On stopping supps/meds to see if they're doing anything

Sue Stevenson

Active Member
Note to self: when stopping quercetin to see if it's really doing anything or not, make sure you have more on hand.

I forgot about all these horrible symptoms, the cloggy head, the slight nasal drip, the feeling of general crapness that was why I started taking it in the first place.

So now I need to wait till I'm able to order more, and then for it to be delivered. Bit frustrating.

Still, I do think it's good to stop taking certain things to see if we notice a difference. It's just annoying when you stop because they are working so well that you start believing you don't need them at all. Doh, doh, doh ☺
 

weyland

Well-Known Member
I had a similar experience with rutin, which I believe is chemically similar to quercetin. I ran out and thought I'd try just cutting it out to save some money, and then after a day or two I started getting hypoglycemic again which had been a long gone symptom.
 

Sue Stevenson

Active Member
That's interesting. I wonder if there's a link there?

Anyway, I guess the good thing is that we won't forget that we need these particular supps now.

Hopefully :)

Must start making better health notes.
 

Remy

Administrator
I think it's a great idea to take a break before cracking open a new bottle to make sure the supplement is still having an effect. I'm often guilty of mindlessly taking things that "should" help rather than those I have determined actually "do" help. Either way, it is valuable information!
 

Cort

Founder of Health Rising and Phoenix Rising
Staff member
Note to self: when stopping quercetin to see if it's really doing anything or not, make sure you have more on hand.

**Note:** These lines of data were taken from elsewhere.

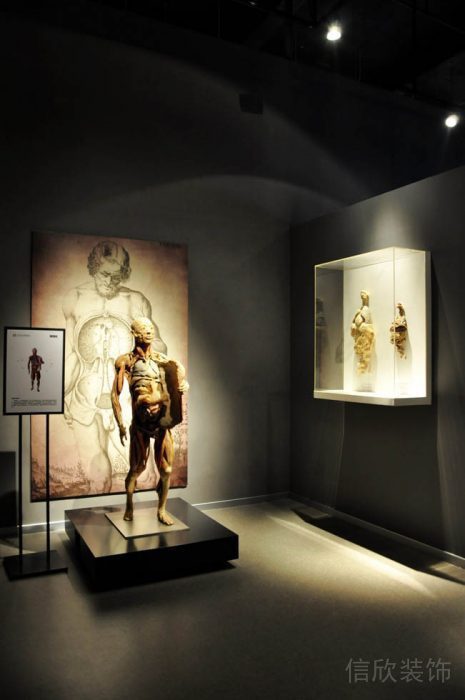 深圳博物館裝修設(shè)計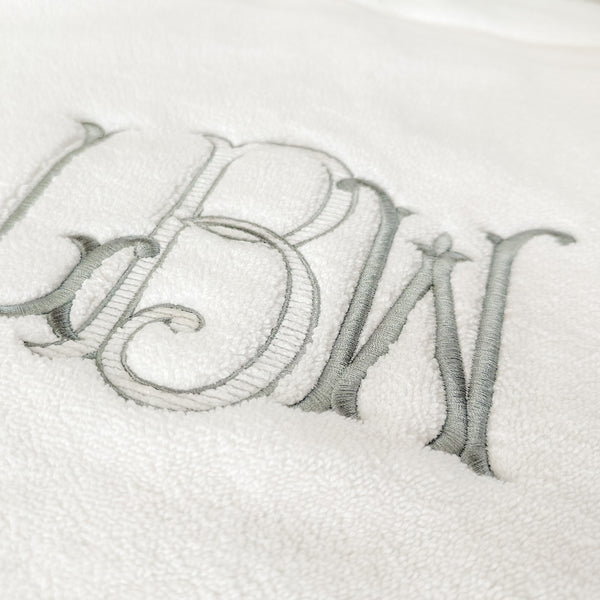 Loewe Monogram Bath Mat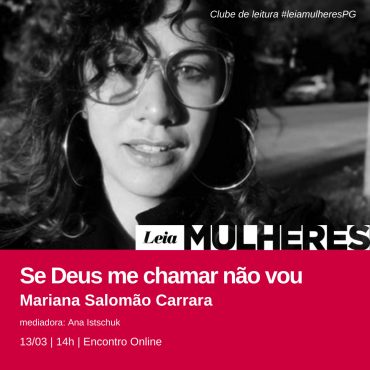Leia Mulheres – Ponta Grossa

I forgot about all these horrible symptoms, the cloggy head, the slight nasal drip, the feeling of general crapness that was why I started taking it in the first place.

So now I need to wait till I'm able to order more, and then for it to be delivered. Bit frustrating.

Still, I do think it's good to stop taking certain things to see if we notice a difference. It's just annoying when you stop because they are working so well that you start believing you don't need them at all. Doh, doh, doh ☺
Good idea to stop when you have some left! But nice to know that quercetin is really working - how about that! That's good news.

How did you decide to take quercetin in the first place? It's not a supplement I see used that much? Is it a histamine blocker?
 

Remy

Administrator
How did you decide to take quercetin in the first place? It's not a supplement I see used that much? Is it a histamine blocker?
Quercetin is one of those "probably everyone with ME/CFS should try" supplements, in my opinion. It's a flavonoid and has various mechanisms that could prove useful to our population.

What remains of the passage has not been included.